Update-25-11-2023: Added B-cos ResNet-50 (trained with the default hyperparameters).

Update-23-11-2023: As noted by Navdeeppal Singh, the comparison between ResNet-50 and B-cos ResNet-56 is not fair, due to architectural, augmentation, and hyperparameter differences. A previous version of this post claimed reproducing some results from [3], which was inaccurate. The post was edited to reflect those notes.

Table of Contents

  1. Introduction
  2. Training B-cos Nets
  3. Quantitative Results
  4. Qualitative Results
  5. Conclusion
  6. References

1. Introduction

Inherently interpretable models are a class of models that prioritize interpretability during the optimization process, contrasting with post-hoc interpretability methods that address interpretability after training is complete. B-cos models represent an example of inherently interpretable models. For a high-level overview, refer to this post, talk, and presentation. For a more in-depth treatment, consult the papers on CoDA Nets [1], B-cos Nets [2], and B-cos ViTs [3].

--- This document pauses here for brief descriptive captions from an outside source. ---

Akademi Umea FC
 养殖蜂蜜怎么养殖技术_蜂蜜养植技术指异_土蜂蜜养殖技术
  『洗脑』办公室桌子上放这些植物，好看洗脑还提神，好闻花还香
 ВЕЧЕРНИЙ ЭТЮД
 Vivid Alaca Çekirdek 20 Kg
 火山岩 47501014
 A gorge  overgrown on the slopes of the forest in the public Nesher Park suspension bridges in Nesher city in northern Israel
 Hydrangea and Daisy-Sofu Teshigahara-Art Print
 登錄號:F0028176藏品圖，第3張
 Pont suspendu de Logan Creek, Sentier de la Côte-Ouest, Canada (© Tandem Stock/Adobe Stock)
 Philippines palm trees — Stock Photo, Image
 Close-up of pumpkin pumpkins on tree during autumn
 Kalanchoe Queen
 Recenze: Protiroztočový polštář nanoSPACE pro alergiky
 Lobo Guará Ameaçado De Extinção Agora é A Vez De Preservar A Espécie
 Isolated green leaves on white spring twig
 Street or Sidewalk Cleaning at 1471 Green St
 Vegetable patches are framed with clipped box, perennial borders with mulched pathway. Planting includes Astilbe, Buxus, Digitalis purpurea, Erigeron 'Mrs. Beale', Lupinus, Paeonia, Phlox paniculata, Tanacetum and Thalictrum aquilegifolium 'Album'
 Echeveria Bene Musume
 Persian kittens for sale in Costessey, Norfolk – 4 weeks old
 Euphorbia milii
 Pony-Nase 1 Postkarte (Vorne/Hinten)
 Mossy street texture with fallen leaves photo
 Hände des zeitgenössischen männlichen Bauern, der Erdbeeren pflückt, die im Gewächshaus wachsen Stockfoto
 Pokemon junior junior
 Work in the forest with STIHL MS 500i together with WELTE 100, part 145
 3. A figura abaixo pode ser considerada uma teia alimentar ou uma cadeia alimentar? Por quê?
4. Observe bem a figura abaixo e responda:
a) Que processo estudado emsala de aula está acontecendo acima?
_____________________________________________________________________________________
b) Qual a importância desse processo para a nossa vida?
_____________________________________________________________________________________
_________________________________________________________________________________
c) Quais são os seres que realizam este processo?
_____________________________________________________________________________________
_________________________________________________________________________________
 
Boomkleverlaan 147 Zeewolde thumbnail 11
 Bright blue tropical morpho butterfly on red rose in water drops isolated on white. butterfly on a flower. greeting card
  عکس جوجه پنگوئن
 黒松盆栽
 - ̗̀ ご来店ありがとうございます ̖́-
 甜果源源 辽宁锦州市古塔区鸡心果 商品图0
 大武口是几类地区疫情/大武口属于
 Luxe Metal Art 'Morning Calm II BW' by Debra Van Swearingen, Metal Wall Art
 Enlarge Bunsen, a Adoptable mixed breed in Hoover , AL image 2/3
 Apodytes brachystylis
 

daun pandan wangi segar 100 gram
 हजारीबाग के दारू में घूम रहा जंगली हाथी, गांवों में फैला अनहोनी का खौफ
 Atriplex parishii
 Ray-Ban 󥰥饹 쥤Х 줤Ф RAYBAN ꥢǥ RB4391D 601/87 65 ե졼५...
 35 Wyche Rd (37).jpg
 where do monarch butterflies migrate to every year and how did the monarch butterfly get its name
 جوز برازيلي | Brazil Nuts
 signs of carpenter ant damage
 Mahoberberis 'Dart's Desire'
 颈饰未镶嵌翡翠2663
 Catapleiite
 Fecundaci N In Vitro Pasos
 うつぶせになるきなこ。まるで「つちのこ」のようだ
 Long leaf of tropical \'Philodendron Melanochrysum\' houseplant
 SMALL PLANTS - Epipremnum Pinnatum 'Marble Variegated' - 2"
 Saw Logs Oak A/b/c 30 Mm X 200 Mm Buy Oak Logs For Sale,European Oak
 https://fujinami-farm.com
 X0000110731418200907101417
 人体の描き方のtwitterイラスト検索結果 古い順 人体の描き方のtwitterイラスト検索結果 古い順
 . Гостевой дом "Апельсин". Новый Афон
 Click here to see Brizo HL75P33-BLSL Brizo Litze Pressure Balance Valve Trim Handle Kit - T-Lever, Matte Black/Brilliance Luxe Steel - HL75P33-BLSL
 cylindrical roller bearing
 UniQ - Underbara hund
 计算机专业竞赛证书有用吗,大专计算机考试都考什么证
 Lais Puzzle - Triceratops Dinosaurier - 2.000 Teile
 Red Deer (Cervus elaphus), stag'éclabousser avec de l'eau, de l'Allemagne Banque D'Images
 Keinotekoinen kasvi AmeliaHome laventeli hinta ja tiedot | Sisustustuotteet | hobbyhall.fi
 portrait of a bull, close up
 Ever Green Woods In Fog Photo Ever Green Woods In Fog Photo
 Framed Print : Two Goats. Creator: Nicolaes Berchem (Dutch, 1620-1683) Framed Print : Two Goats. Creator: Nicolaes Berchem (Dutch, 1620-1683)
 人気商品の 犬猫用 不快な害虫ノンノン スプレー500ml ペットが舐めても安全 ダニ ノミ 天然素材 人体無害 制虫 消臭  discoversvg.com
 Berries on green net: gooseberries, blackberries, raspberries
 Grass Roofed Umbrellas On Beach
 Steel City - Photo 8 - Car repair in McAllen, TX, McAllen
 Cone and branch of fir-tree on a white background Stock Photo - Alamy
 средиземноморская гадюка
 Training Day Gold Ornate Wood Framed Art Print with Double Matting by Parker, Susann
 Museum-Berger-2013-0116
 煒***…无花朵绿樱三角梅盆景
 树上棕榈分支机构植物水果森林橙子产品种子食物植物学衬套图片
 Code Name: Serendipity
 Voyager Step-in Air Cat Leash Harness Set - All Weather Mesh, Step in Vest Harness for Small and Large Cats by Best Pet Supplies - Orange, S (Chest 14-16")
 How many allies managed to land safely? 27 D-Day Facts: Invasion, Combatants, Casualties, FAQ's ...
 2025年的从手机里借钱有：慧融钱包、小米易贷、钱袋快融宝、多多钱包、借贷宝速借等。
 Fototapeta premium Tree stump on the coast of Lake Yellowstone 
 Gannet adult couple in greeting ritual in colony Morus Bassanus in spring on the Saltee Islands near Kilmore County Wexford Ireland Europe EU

In this post, I attempt to train two B-cos models on CIFAR10, namely B-cos ResNet-56 and B-cos ResNet-50 (Section 2), evaluate their adversarial robustness, and compare it to naturally and adversarially trained networks, both quantitatively (Section 3) and qualitatively (Section 4). The code used to generate the results presented in this post can be found in this notebook or Open In Colab.

2. Training B-cos Nets

Executing the published code was straightforward, except for the need to modify train-requirements.txt to specify PyTorch Lightning’s version to be pytorch-lightning==1.9.0, as Lighting versions from 2.0.0 upwards were incompatible [fixed]. Specifically, I trained a Bcos-ResNet-56 model on CIFAR10 by running the command:

python train.py \
     --dataset CIFAR10 \
     --base_network norm_ablations_final \
     --experiment_name resnet_56-nomaxout

and a B-cos ResNet-50 by running the command:

python train.py \
     --dataset CIFAR10 \
     --base_network large_nets \
     --experiment_name resnet_50

The obtained test accuracies were 88.06% with 100 epochs and 87.42% with 90 epochs, respectively. The performance could be improved with more hyperparameter tuning, especially for the B-cos ResNet-50 since it was overfitting. Figure 1 depicts the top-1 and top-5 accuracies on the train and evaluation sets throughout the epochs of training. The trained checkpoint weights can be downloaded from this repository.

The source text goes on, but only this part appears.